静かに始まり捻くれていく「Mirror Ball」、ビートが心地良いご機嫌な「Baptiste」、ウェラー流フューチャーソウルの金字塔「Old Father Tyme」、落ち着いたトーンで達観したボーカルに静かな炎を感じるアルバムを代表する名曲「Village」、エレクトリックとR&Bの高い次元での融合「Rockets」など、キャラがたった良曲だらけだ。
前作のセッションで残った2曲「Woo Sé Mama」「One Tear」はジャン・スタン・カイバートの共作で、他のクレジットはウェラーのみ。更に久しぶりにセルフプロデュース。マルチプレイヤーのアンディ・クラフツ(the moons)、ドラムのベン・ゴルドリエらお馴染みのウェラーチームが中心になってプロダクト。
アルバムは、成熟したお洒落なソウルナンバー「Woo Sé Mama」で幕を開け、この時点で成功を確信できる。「Long Long Road」はウェラーの十八番のソウルバラードで、スタンリーロード期にタイムスリップしたようだが、歌声はバージョンアップされている。「She Moves With The Fayre」はロバート・ワイアットが歌とトランペットで参加し、これもサイケ風味がブレンダンの音作りを思い出させる。「One Tear」はボーイ・ジョージが参加。同窓会みたいな賑やかさがあるファンクナンバーだ。「The Cranes Are Back」は洗練されたゴスペル。かっこいい。

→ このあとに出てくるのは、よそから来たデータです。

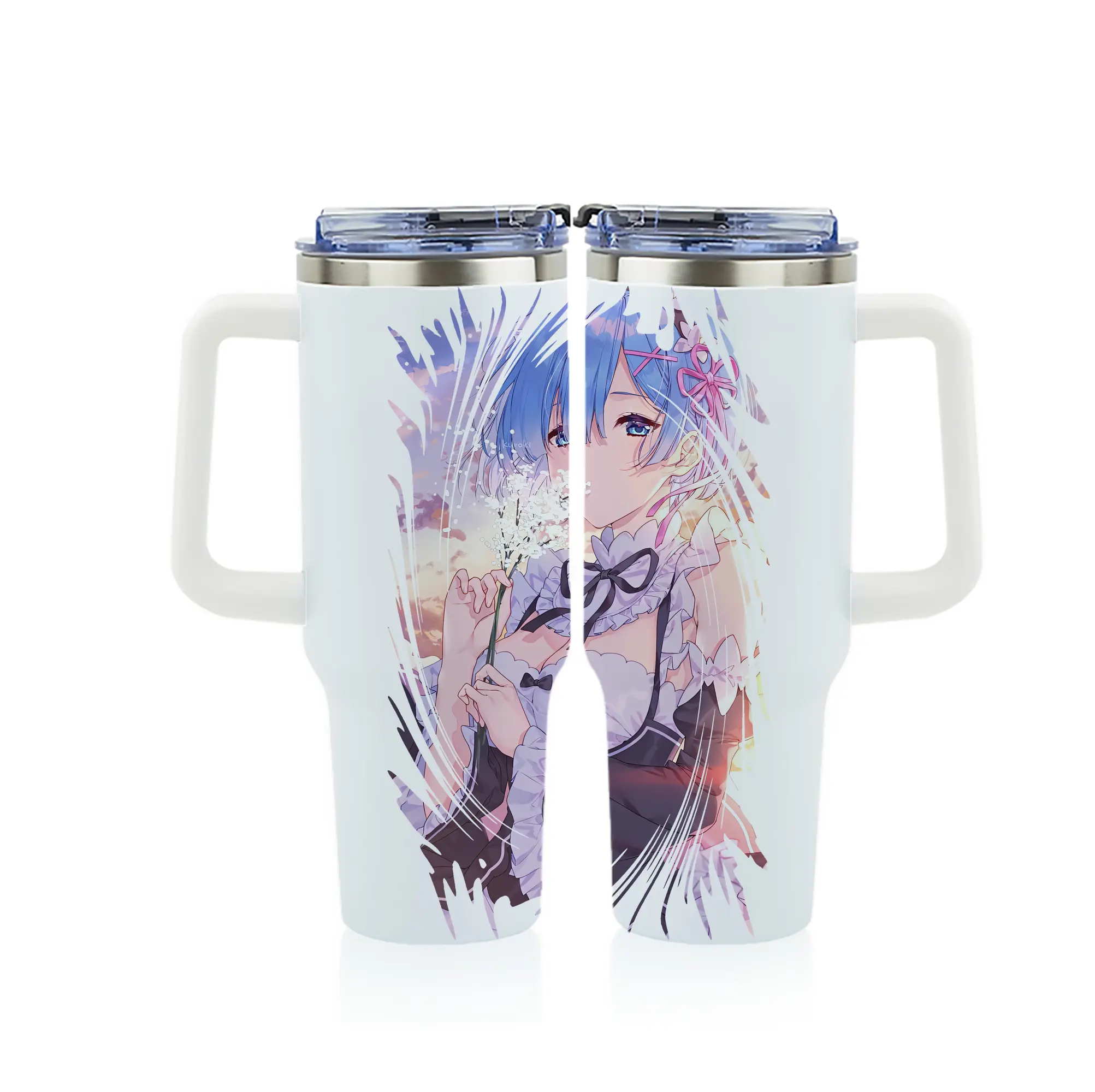 リゼロ グッズ レム - 1200mL フルプリント車用タンブラー ・ 304ステンレス 内側 ・ 201ステンレス 外側 ・ 保温 保冷 ・ 通勤 ドライブ アウトドア用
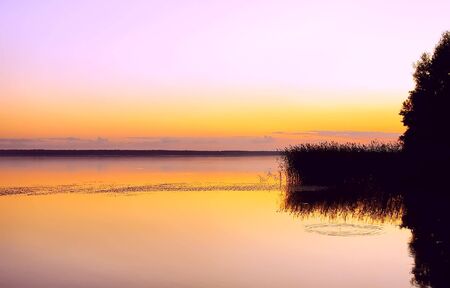 Landscape with sunset on the lake, clouds and rush are reflected in waterの写真素材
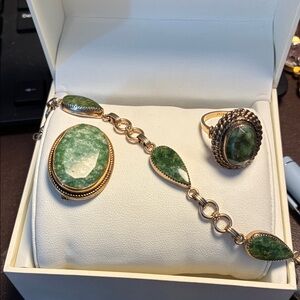 Vintage 12kgf jade set Jewelry Set free gift LOOK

ベストアルバムを挟んだこの作品。変化があった。00年代に入ってから出番が多かったサイモン・ダインではなく、「As Is Now」で組んだJan "Stan" KybertとAmorphous Androgynousがウェラーと共にプロデュース。作曲のパートナーも、サイモン・ダインからJan "Stan" Kybertに替わった。
景気の良いウェラー流王道ロックナンバー「White Sky」で幕を開け、軽快なリズムと広がりのあるメロディーが素晴らしい「Saturns Pattern」、お得意の所信表明的な名曲「Going My Way」、浮遊感のあるメロディも良いが音像も素晴らしい「I’m Where I Should Be」・・・良い曲ばかり。